Photo via Pew, credit Shawn Jackson
Honduras has taken a great step in boosting its 2010 moratorium on shark-fishing with an announcement that the country is creating a 92,665 square mile shark sanctuary in its waters. Recognizing that sharks are a valuable asset not only to the country's coral reef ecosystems, but also to tourism, President Lobo Sosa signed the legislation this week.
The news comes just a few months after Indonesia set aside 17,760 square miles around the island of Raja Ampat as a shark sanctuary, showing that more and more countries are recognizing how sharks are far more valuable alive than dead.
"We have seen that protecting sharks helps our environment and our people," said Honduran Vice President María Antonieta Guillén de Bogran, who also attended the announcement. "When tourists come to Roatan and other destinations, they spend money to see the sharks. But these animals don't just help the Honduran economy. Our coral reefs and marine environment thrive because these apex predators are safe in our waters. Today's declaration will help us all, underwater and on land, for generations to come."

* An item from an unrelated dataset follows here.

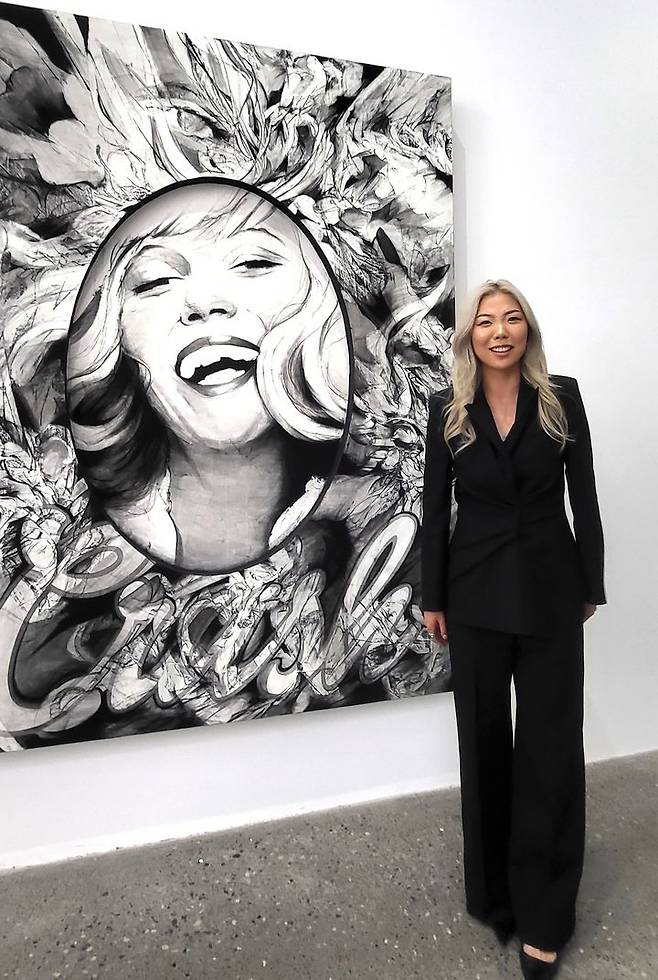 [사진=박현주미술전문기자] 애나 박 작가가 이번 굿걸 전시에 나온 작품앞에서 포즈를 취했다. *재판매 및 DB 금지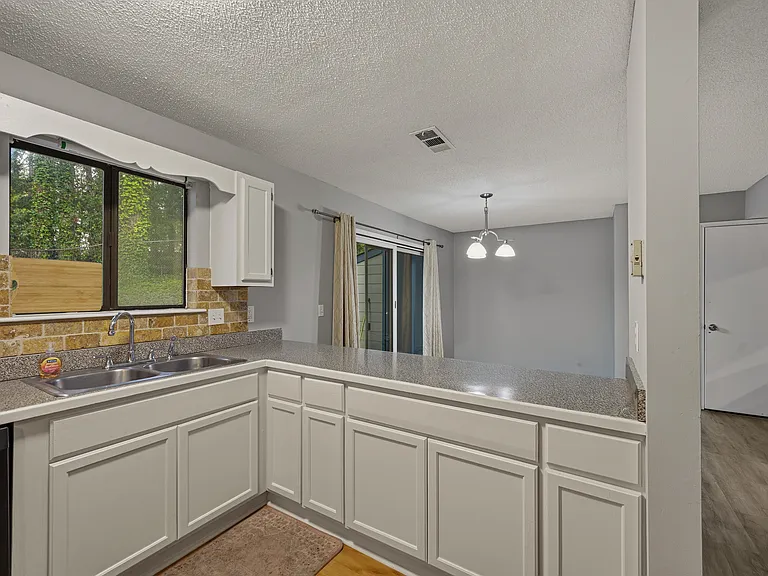 253 Toweridge Dr SW — Photo 12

Along with reef sharks (shown above), Honduras is home to whale sharks:
Photo via Pew, credit George Stoyle
Swimming with whale sharks is becoming a major tourist attraction, as these awe-inspiring giants are of little danger to the humans who want to hang out with them. However, sparing sharks for tourism also has a footprint, and we have to pay attention to the ecological impact of tourism just as much as the impact of overfishing.
About one third of all shark species are threatened with extinction, primarily due to overfishing for their fins. Honduras banned all shark fishing last year, and hopefully with this additional move will show other countries how fishing for tourist dollars is a smarter move in the long run, if handled correctly.